**Task objective:** Among the entries below, copy only the span from the line containing "Curso Ortodoncia Interceptiva" through the line containing "Early postoperative result;". Do so exactly, and skip the pictures.

**Working data:**
_ _ _ _ _ _ _

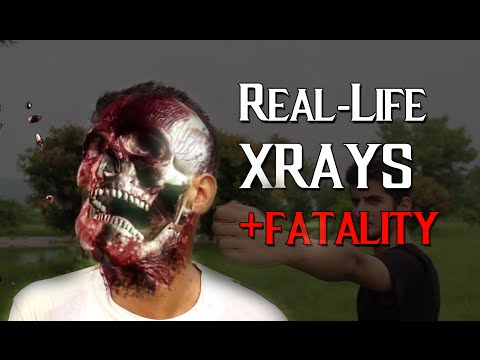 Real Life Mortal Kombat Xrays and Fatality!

_ _ _ _ _ _ _

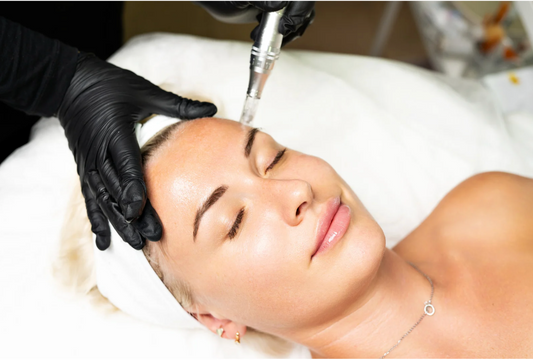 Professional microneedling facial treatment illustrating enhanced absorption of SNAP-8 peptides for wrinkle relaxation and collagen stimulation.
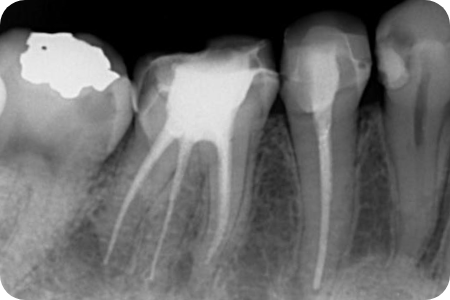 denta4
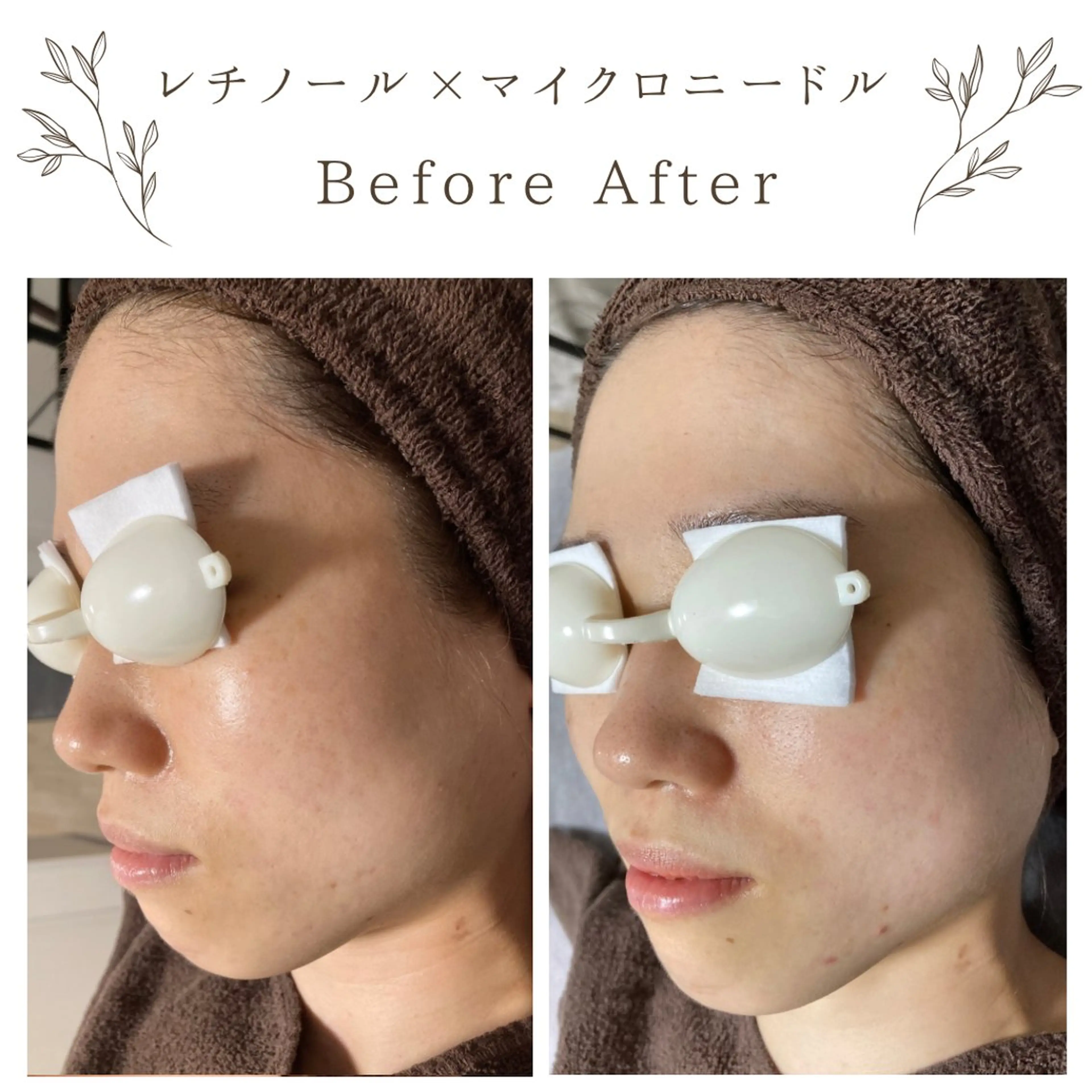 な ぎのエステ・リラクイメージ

_ _ _ _ _ _ _

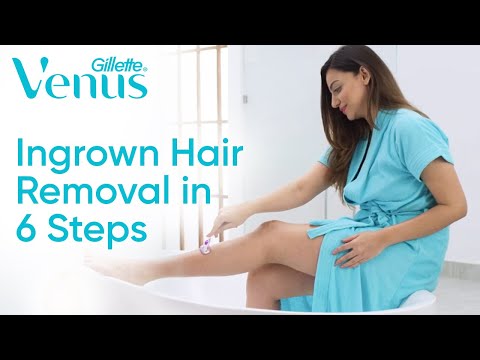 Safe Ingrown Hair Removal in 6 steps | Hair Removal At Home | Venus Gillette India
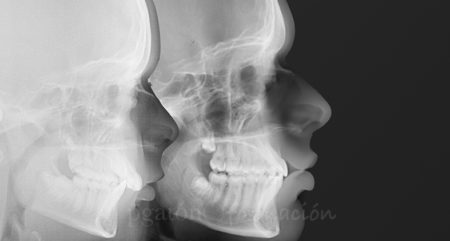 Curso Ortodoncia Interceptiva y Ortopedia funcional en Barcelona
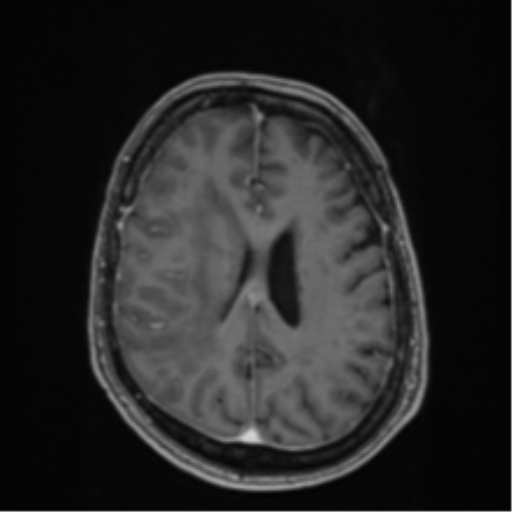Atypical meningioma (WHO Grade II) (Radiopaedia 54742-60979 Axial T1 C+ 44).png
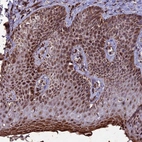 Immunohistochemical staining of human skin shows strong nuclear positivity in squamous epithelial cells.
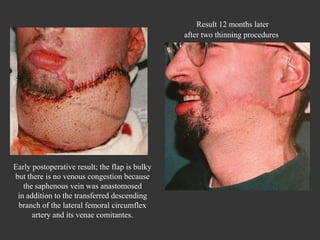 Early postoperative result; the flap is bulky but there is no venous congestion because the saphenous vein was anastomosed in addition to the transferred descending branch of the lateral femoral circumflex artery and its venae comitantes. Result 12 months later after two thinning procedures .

_ _ _ _ _ _ _

**Written response:**
 Curso Ortodoncia Interceptiva y Ortopedia funcional en Barcelona
Atypical meningioma (WHO Grade II) (Radiopaedia 54742-60979 Axial T1 C+ 44).png
 Immunohistochemical staining of human skin shows strong nuclear positivity in squamous epithelial cells.
 Early postoperative result; the flap is bulky but there is no venous congestion because the saphenous vein was anastomosed in addition to the transferred descending branch of the lateral femoral circumflex artery and its venae comitantes. Result 12 months later after two thinning procedures .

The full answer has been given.